> [Action item]
Among the records, how many lines contain "Cardigan"? Only the number is needed.
[[ Listed entries open ]]
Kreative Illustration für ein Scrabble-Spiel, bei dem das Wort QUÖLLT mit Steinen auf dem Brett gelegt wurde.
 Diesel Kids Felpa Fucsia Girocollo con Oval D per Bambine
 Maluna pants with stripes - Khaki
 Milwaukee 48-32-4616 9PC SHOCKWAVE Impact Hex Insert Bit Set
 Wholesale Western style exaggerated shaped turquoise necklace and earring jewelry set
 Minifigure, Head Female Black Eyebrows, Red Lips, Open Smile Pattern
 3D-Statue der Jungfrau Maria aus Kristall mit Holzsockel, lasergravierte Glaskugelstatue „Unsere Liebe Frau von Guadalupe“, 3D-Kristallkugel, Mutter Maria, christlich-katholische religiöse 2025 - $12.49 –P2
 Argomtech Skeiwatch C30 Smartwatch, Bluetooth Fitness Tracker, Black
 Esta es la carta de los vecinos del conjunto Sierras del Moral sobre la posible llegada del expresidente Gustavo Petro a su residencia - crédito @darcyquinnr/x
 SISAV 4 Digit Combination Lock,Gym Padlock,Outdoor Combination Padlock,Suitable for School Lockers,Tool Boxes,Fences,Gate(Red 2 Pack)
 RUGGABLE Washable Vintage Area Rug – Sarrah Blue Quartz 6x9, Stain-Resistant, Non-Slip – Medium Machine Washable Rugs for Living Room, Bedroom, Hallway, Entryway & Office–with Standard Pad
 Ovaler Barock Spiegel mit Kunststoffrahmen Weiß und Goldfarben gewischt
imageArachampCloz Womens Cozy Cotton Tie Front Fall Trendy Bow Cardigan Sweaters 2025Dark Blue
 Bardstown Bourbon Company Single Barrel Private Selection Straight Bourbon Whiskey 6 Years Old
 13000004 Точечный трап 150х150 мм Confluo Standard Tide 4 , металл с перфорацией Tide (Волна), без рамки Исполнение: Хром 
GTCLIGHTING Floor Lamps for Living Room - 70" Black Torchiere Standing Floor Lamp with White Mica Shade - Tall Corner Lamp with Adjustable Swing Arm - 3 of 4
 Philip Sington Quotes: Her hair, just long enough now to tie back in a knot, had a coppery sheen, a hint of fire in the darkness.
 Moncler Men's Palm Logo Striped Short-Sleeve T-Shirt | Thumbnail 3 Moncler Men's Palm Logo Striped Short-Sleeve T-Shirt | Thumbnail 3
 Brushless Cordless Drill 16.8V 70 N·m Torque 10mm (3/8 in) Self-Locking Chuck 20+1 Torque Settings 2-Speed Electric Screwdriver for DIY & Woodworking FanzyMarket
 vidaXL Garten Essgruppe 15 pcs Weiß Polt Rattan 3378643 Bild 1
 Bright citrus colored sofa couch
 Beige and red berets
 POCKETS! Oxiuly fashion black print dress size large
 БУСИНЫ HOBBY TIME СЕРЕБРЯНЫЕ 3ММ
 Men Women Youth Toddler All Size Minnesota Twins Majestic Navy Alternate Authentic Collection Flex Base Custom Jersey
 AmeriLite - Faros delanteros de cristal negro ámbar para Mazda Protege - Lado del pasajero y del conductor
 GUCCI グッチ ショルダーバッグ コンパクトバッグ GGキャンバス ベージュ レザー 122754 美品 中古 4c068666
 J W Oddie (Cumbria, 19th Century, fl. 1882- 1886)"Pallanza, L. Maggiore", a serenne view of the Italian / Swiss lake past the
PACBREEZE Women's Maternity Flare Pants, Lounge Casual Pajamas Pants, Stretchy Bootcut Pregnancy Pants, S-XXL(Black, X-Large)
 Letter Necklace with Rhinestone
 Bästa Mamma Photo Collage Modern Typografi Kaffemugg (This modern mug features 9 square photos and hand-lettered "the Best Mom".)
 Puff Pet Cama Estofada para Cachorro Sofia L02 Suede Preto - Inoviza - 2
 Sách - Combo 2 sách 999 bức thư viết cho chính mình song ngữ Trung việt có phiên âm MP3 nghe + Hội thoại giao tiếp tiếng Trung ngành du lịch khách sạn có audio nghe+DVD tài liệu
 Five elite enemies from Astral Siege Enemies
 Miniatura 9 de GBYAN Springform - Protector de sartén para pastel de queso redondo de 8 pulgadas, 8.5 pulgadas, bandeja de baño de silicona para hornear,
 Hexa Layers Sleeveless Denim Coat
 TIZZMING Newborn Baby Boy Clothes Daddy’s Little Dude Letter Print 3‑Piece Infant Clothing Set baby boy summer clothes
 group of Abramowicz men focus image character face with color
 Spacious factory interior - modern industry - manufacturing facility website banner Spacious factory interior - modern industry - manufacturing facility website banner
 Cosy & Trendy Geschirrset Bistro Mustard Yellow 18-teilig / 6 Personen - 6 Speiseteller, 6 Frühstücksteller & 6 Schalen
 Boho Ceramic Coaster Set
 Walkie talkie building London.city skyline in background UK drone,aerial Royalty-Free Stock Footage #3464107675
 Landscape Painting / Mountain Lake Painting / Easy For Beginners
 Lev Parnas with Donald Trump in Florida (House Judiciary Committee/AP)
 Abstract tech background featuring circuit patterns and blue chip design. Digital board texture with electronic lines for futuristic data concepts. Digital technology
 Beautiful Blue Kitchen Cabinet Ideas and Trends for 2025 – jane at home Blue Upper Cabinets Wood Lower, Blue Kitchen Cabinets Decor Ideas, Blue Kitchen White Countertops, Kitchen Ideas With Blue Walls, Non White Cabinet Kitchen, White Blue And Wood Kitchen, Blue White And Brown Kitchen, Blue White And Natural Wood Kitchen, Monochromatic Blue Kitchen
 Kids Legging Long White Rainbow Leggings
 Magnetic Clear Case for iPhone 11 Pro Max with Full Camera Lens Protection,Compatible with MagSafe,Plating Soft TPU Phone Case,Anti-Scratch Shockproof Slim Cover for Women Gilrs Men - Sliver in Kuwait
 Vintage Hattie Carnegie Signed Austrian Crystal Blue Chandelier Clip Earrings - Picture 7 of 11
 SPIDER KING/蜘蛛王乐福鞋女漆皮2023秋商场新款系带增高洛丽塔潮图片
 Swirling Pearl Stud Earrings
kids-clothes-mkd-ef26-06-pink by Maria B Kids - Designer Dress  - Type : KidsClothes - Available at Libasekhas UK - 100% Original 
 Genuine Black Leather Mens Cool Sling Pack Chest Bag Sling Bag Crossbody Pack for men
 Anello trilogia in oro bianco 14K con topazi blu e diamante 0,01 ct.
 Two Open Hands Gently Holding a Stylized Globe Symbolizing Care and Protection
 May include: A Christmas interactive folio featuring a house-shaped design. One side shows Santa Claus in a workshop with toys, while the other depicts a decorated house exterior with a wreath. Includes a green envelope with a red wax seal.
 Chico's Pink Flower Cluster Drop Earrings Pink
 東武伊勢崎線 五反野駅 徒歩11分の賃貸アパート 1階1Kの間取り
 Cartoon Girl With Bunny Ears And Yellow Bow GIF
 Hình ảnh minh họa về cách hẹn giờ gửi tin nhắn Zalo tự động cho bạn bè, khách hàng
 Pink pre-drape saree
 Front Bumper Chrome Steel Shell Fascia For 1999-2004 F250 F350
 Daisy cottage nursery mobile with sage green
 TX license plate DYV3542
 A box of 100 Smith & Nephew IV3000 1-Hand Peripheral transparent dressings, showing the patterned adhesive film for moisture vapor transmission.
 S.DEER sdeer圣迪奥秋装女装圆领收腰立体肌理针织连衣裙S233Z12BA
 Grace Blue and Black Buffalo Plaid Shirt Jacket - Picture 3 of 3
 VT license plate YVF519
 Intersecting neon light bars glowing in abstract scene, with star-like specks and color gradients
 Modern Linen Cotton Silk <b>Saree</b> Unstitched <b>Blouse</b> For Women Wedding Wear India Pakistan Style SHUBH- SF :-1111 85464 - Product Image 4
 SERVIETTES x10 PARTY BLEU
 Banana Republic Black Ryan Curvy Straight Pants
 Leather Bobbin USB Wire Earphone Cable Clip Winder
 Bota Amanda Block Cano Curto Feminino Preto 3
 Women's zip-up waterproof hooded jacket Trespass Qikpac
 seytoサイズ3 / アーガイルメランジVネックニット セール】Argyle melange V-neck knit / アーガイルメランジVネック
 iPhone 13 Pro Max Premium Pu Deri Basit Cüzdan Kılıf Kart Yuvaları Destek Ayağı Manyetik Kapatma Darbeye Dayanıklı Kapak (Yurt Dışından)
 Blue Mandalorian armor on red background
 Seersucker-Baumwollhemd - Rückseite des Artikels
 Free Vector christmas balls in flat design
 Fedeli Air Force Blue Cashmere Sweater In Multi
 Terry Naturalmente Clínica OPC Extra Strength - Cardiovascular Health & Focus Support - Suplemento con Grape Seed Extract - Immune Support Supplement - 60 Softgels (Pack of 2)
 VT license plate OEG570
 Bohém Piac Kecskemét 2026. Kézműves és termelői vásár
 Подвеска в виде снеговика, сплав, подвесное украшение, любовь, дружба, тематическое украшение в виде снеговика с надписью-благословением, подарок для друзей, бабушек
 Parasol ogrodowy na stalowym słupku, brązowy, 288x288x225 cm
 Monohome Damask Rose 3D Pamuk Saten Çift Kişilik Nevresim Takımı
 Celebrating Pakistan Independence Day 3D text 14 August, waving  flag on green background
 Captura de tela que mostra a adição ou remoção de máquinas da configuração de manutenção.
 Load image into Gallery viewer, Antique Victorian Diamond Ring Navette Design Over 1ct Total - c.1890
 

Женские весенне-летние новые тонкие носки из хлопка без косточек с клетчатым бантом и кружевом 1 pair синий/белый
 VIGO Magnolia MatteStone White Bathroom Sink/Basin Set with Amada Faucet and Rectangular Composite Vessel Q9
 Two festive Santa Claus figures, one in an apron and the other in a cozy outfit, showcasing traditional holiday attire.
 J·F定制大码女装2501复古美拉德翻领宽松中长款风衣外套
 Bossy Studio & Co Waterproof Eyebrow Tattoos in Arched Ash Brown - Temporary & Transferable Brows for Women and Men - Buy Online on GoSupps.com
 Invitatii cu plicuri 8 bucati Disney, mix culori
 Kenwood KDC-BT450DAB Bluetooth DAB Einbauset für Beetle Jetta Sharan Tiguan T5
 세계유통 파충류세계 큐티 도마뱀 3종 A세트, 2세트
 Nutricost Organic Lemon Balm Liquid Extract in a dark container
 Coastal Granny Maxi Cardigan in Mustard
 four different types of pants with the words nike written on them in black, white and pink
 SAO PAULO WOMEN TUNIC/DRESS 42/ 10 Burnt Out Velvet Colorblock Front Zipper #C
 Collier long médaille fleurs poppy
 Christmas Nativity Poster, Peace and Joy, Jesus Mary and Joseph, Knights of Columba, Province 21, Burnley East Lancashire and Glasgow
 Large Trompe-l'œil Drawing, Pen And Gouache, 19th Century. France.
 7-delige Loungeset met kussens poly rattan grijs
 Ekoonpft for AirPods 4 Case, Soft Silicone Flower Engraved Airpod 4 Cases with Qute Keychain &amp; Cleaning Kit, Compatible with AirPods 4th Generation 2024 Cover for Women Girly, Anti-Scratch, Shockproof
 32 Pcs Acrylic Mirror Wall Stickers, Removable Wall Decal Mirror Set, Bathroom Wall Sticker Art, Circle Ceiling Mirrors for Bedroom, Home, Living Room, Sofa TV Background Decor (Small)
[[ Listed entries closed ]]
> [Answer space]
2